Hinokiflavone

Planta Med. 1989 Apr;55(2):166-8.

Hinokiflavone, a cytotoxic principle from Rhus succedanea and the cytotoxicity of the related biflavonoids.[Pubmed: 2526343]

Hinokiflavone (1) was isolated as the cytotoxic principle from the drupes of Rhus succedanea L.
METHODS AND RESULTS:
A comparison of the cytotoxicity of 1 and other related biflavonoids, including amentoflavone (2), robustaflavone (3), agathisflavone (4), rhusflavone (5), rhusflavanone (6) and its hexaacetate (7), succedaneaflavanone (8) and its hexaacetate (9), cupressuflavone (10), neorhusflavanone (11), volkensiflavone (12) and its hexamethyl ether (13), spicataside (14) and its nonaacetate (15), morelloflavone (16) and its heptaacetate (17) and heptamethyl ether (18), GB-1a (19) and its hexamethyl ether (20) and 7"-O-beta-glucoside (21), and GB-2a (22), indicates that an ether linkage between two units of apigenin as seen in 1 is structurally required for significant cytotoxicity. Compounds 13 and 20 also demonstrated significant cytotoxicity.

Elife . 2017 Sep 8;6:e27402.

Characterisation of the biflavonoid hinokiflavone as a pre-mRNA splicing modulator that inhibits SENP[Pubmed: 28884683]

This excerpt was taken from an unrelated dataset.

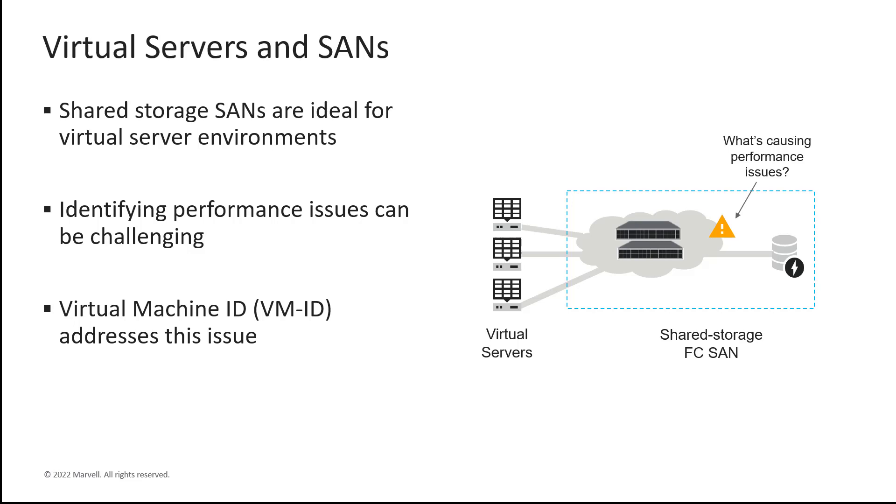Switch management software can be used to identify where the bottlenecks are occurring in the SAN, but they can't identify the workflow causing the issue. Today, the typical approach to addressing storage performance issues is to start migrating VMs from one physical server to another in hopes that moving the workloads will alleviate the congestion and resolve the issue. This is not only time-consuming and potentially error-prone, but it isn't a fact-based approach to diagnosing the issue.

Abstract We have identified the plant biflavonoid Hinokiflavone as an inhibitor of splicing in vitro and modulator of alternative splicing in cells. Chemical synthesis confirms Hinokiflavone is the active molecule. Hinokiflavone inhibits splicing in vitro by blocking spliceosome assembly, preventing formation of the B complex. Cells treated with Hinokiflavone show altered subnuclear organization specifically of splicing factors required for A complex formation, which relocalize together with SUMO1 and SUMO2 into enlarged nuclear speckles containing polyadenylated RNA. Hinokiflavone increases protein SUMOylation levels, both in in vitro splicing reactions and in cells. Hinokiflavone also inhibited a purified, E. coli expressed SUMO protease, SENP1, in vitro, indicating the increase in SUMOylated proteins results primarily from inhibition of de-SUMOylation. Using a quantitative proteomics assay we identified many SUMO2 sites whose levels increased in cells following Hinokiflavone treatment, with the major targets including six proteins that are components of the U2 snRNP and required for A complex formation. Keywords: RNA splicing; SENP1; SUMO; U2 snRNP; biochemistry; Hinokiflavone; none.

J Mol Graph Model. 2014 Apr;49:25-37.

Discovery of potent inhibitor for matrix metalloproteinase-9 by pharmacophore based modeling and dynamics simulation studies.[Pubmed: 24473069]

Matrix metalloproteinase-9 (MMP-9) is an attractive target for anticancer therapy.
METHODS AND RESULTS:
In the present study ligand based pharmacophore modeling was performed to elucidate the structural elements for a diverse class of MMP-9 inhibitors. The pharmacophore model was validated through Güner-Henry (GH) scoring method. The final pharmacophore model consisted of three hydrogen bond acceptors (HBA), and two ring aromatic regions (RA). This model was utilized to screen the natural compound database to seek novel compounds as MMP-9 inhibitors. The identified hits were validated using molecular docking and molecular dynamics simulation studies. Finally, one compound named Hinokiflavone from Juniperus communis had high binding free energy of -26.54kJ/mol compared with the known inhibitors of MMP-9. Cytotoxicity for Hinokiflavone was evaluated by MTT assay. Inhibition of MMP-9 in the presence of Hinokiflavone was detected by gelatin zymography and gelatinolytic inhibition assay.
CONCLUSIONS:
Results revealed that the natural compounds derived based on the developed pharmacophore model would be useful for further design and development of MMP-9 inhibitors.